Responses: This sentence refers to matching between the ChIP-seq and MNase-seq data from the same cell type. We explain in detail how ChIP-seq data is processed. We have clarified this in the paper.
- I also suggest the authors clearly justify the use of ROC analyses given that only a ground truth of positive (e.g. 16 known pioneer factors) is available and the "other transcription factors" considered as negative in the analysis in fact are expected to contain unknown pioneer factors and their identification should not be minimized (which lead to the maximization of ROC) by the analysis procedure.
Responses: (This is also pointed by review 1). The fact that unknown transcription factors are treated as negatives actually leads to the lower reported ROC scores (more hits considered to be false positives), not to their maximization. That is the reason we mentioned in the paper that the obtained ROC scores can be considered as lower bound estimates. In addition, we have expanded our validation sets to 32 known pioneer factors and compiled three sets of PTFs for validations. Following the reviewers’ suggestions, we have further performed precision-recall (PR) analysis and calculated the Matthews correlation coefficient (MCC) using three sets of PTFs for validation (Supplementary Table 11 and Supplementary Figure 2).

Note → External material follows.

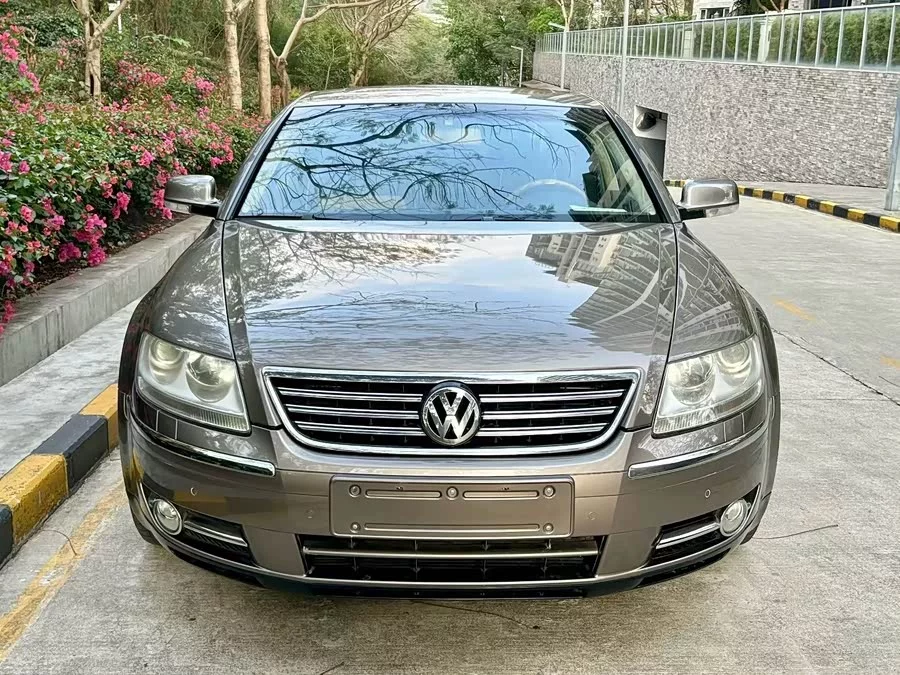 Volkswagen Phaeton / Phideon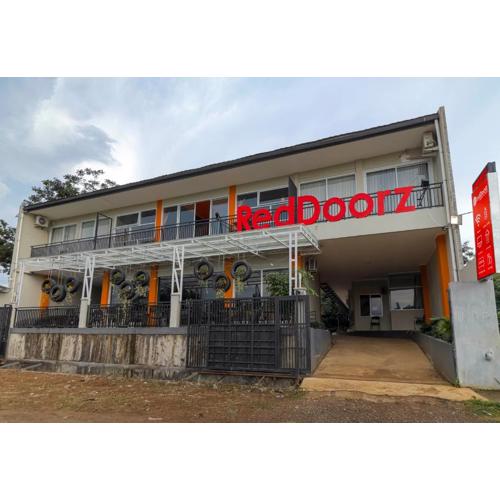 RedDoorz near Exit Toll Bogor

- The analysis of pioneer transcription factor binding sites lacks insight. What can we learn these this analysis other than TFs from the same families are likely to be clustered in the same group?
Responses: We thank the review for pointing out it and have added a more detailed discussion of these results in the revised manuscript. Very few PTF-nucleosome structural complexes have currently been solved so far and the binding modes of majority of PTFs with nucleosomes still remain unknow. Our analysis has identified six distinctive clusters of TF binding profiles with nucleosomal DNA, which could provide insight into the binding modes of PTFs with nucleosome. These clusters point to the diversity of binding motifs where transcription factors belonging to the same cluster may also exhibit potential competitive binding.